KPI Anggap 'Pesbukers Ramadhan' Sarat Makian dan Celaan - pantomim Pan -Tomim

Saturday, June 17, 2017

KPI Anggap 'Pesbukers Ramadhan' Sarat Makian dan Celaan

Jakarta, CNN Indonesia -- Komisi Penyiaran Indonesia (KPI) menemukan beberapa program yang melanggar aturan saat mengevaluasi tayangan Ramadan. Melalui siaran pers yang diterima CNNIndonesia.com, empat program yang disebut melanggar termasuk Sahurnya OVJ yang ditayangkan di Trans 7, Pesbukers Ramadhan dan Sahurnya Pesbukers dari ANTV, serta Keluarga Gunarso di Indosiar.

Alih-alih mengandung semangat Ramadan, acara-acara itu dianggap KPI justru sarat akan makian dan celaan.

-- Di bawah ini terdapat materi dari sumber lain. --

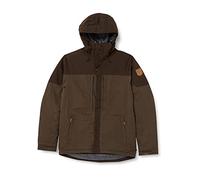 Fjällräven Skogsö Padded Jacket M Veste de Sport Homme, Tarmac-DK Olive, FR : M (Taille Fabricant : M)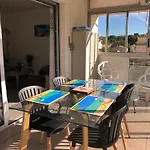 Petit Paradis A Mandrier 1 à 4 Mn Clim Parking Wifi Saint-Mandrier-sur-Mer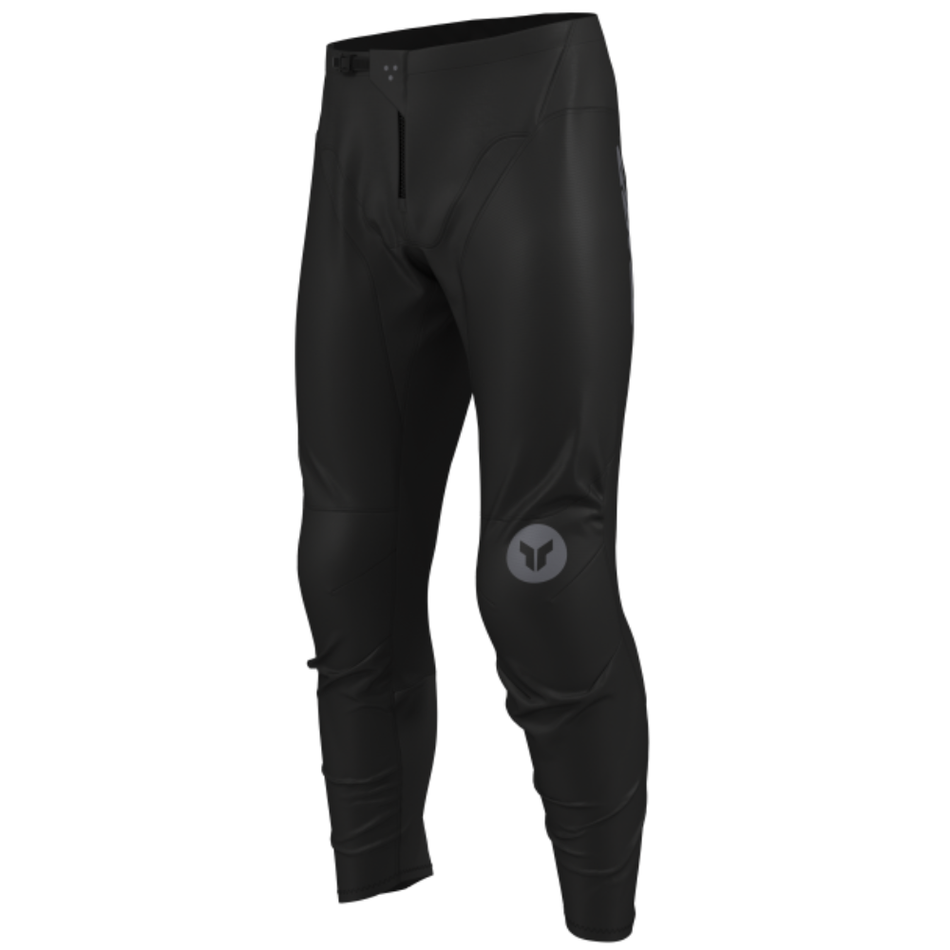 Pants: THOR Youth RIDEMODE MENACE Black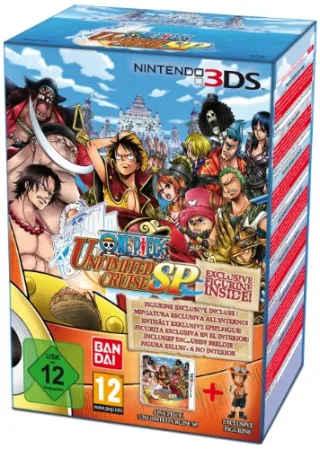 One Piece: Unlimited Cruise SP - Limited Edition (inkl. Figur)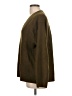 H&M Solid Brown Pullover Sweater Size L - photo 5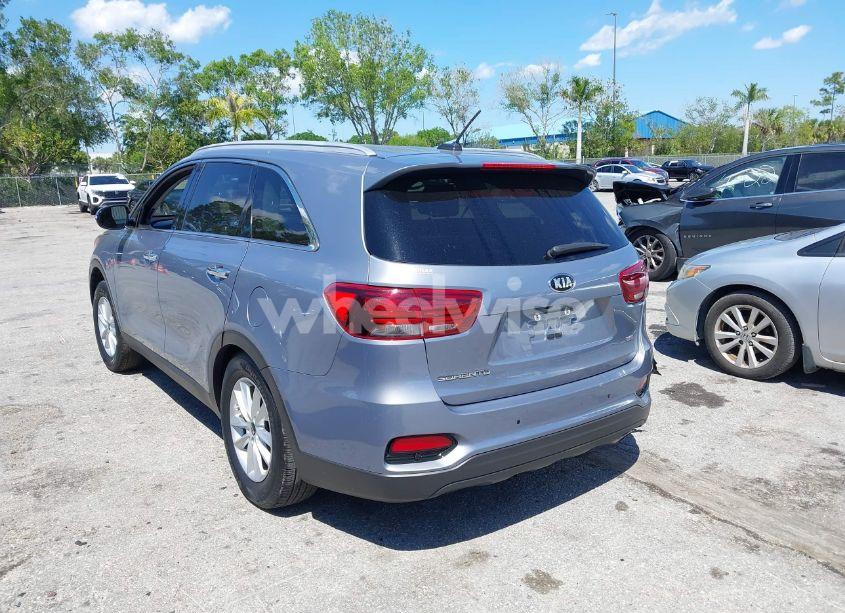 Photo 12 of 2020 Kia Sorento 2.4L LX (VIN 5XYPG4A39LG661681)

KPI pun menilai adanya potensi pelanggaran Pedoman Perilaku Penyiaran dan Standar Program Siaran (P3 & SPS), terutama yang menyangkut Pasal 9 SPS.

Pasal itu berbicara mengenai penghormatan terhadap norma kesopanan dan kesusilaan.

Selain itu, KPI juga melihat adanya potensi pelanggaran terhadap Pasal 15 tentang perlindungan anak dan remaja. Pasal 17 mengenai perlindungan kepada orang dan masyarakat tertentu juga tidak diindahkan keempat program yang isinya kebanyakan candaan itu.

“Selain tiga pasal tadi, KPI juga melihat adanya pelanggaran atas penggolongan program siaran dengan klasifikasi remaja,” kata Komisioner KPI Pusat bidang Pengawasan Isi Siaran, Dewi Setyarini dalam keterangan tertulisnya.

Ia menilai program-program itu tidak pantas untuk remaja. Program juga tidak cocok dikaitkan dengan Ramadan karena lawakannya sering disengaja untuk merendahkan orang lain.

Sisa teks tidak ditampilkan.